INFORMATION SHOWN:
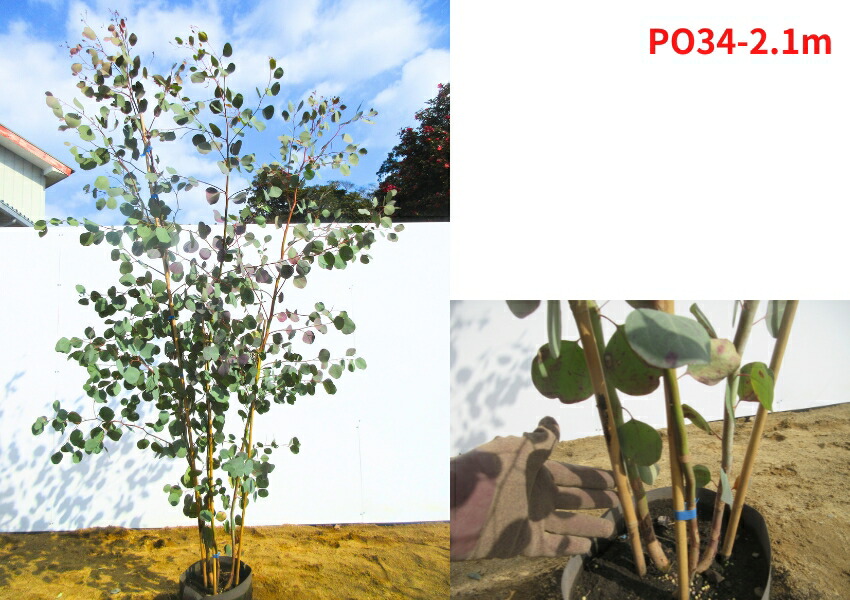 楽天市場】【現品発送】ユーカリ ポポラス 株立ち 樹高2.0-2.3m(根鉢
--
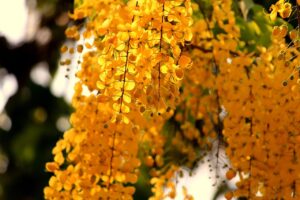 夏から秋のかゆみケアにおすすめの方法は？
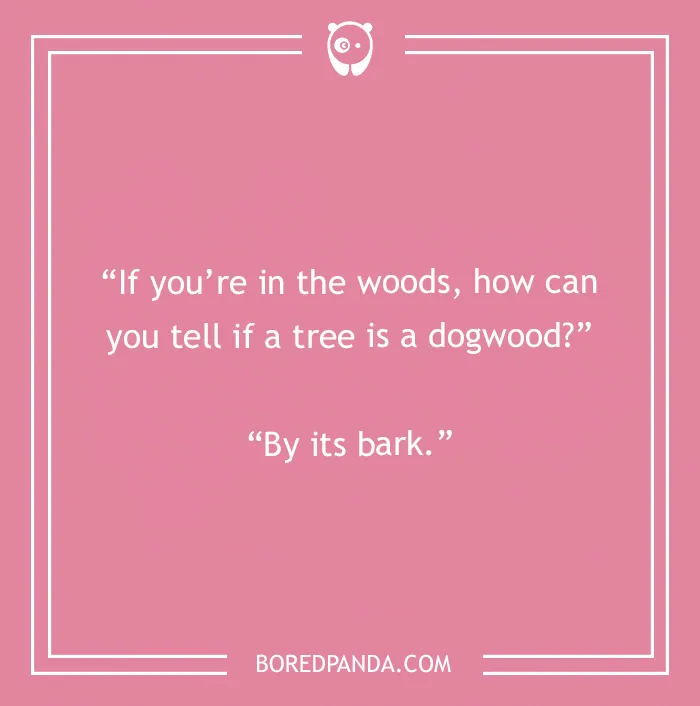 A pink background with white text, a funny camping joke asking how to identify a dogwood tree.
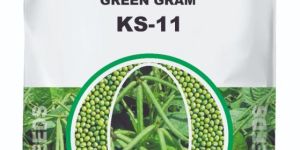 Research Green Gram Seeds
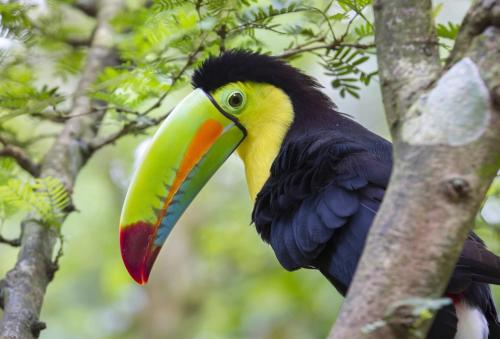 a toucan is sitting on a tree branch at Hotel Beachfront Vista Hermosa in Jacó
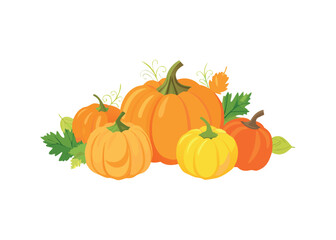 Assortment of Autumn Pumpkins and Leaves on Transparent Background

WORK TO COMPLETE: Using the material above, transcribe exactly the lines from the one holding "夏から秋のかゆみケアにおすすめの方法は？" to the one holding "Assortment of Autumn", both ends kept. Do not carry over any pictures.

WRITTEN ANSWER:
 夏から秋のかゆみケアにおすすめの方法は？
 A pink background with white text, a funny camping joke asking how to identify a dogwood tree.
 Research Green Gram Seeds
 a toucan is sitting on a tree branch at Hotel Beachfront Vista Hermosa in Jacó
 Assortment of Autumn Pumpkins and Leaves on Transparent Background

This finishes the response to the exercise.